9876947VishikThe principal investigator will study the mathematical problems of fluid motion. Methods of Littlewood-Paley theory and wavelets will be used to study weak singularities for the incompressible flows of an ideal fluid. The basic nonstationary problem for the Euler equations will be investigated in function classes with, generally, essentially unbounded vorticity. He will address the problem of linear vector transport by flows that are less than regular. These aspects of transport theory are directly applicable to questions of existence and uniqueness for the Euler equations.The mathematical theory of fluid motion is fundamental both for applications in meteorology, geophysics, astrophysics and within mathematics itself. Most of the flows in nature such as ocean currents, or hurricanes, or the motion of matter in a galaxy, are highly irregular. The origin and evolution of singular structures such as rapid oscillations of a flow are still not well understood.

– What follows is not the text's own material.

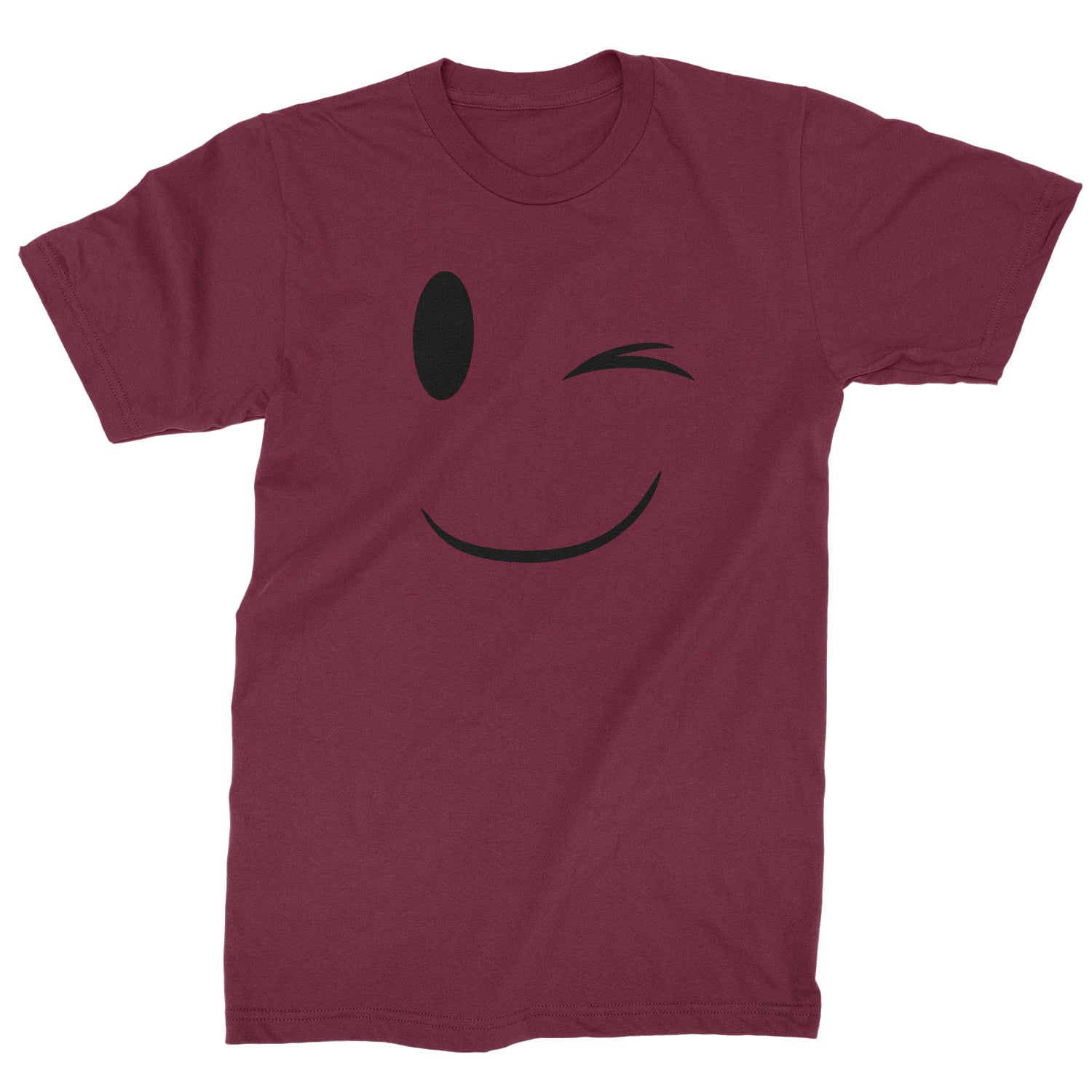 Emoticon Winking Smile Face Mens T-shirt cosplay, costume, dress, emoji, emote, face, halloween, smiley, up, yellow by Expression Tees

In addition to this, numerical modelling of irregular flows is limited by instabilities due to the small scale structures constantly produced by the flow. The PI will investigate two related aspects of this subject. First, the basic mathematical nature of the flows with singularities. Second, transport of quantities such as the magnetic field by irregular flows in the solar photosphere.

[9876947]首席研究员将研究流体运动的数学问题。本文将利用Littlewood-Paley理论和小波的方法研究理想流体不可压缩流动的弱奇异性。欧拉方程的基本非平稳问题将在通常具有无界涡量的函数类中进行研究。他将讨论非规则流的线性矢量传输问题。输运理论的这些方面直接适用于欧拉方程的存在性和唯一性问题。流体运动的数学理论是气象学、地球物理学、天体物理学和数学本身应用的基础。自然界中的大多数流动，如洋流、飓风或星系中的物质运动，都是高度不规则的。奇异结构的起源和演化，如水流的快速振荡，仍然没有得到很好的理解。除此之外，由于流动不断产生的小尺度结构的不稳定性，限制了不规则流动的数值模拟。PI将调查这一主题的两个相关方面。首先，奇点流的基本数学性质。第二，由太阳光球中不规则流引起的量的传输，例如磁场。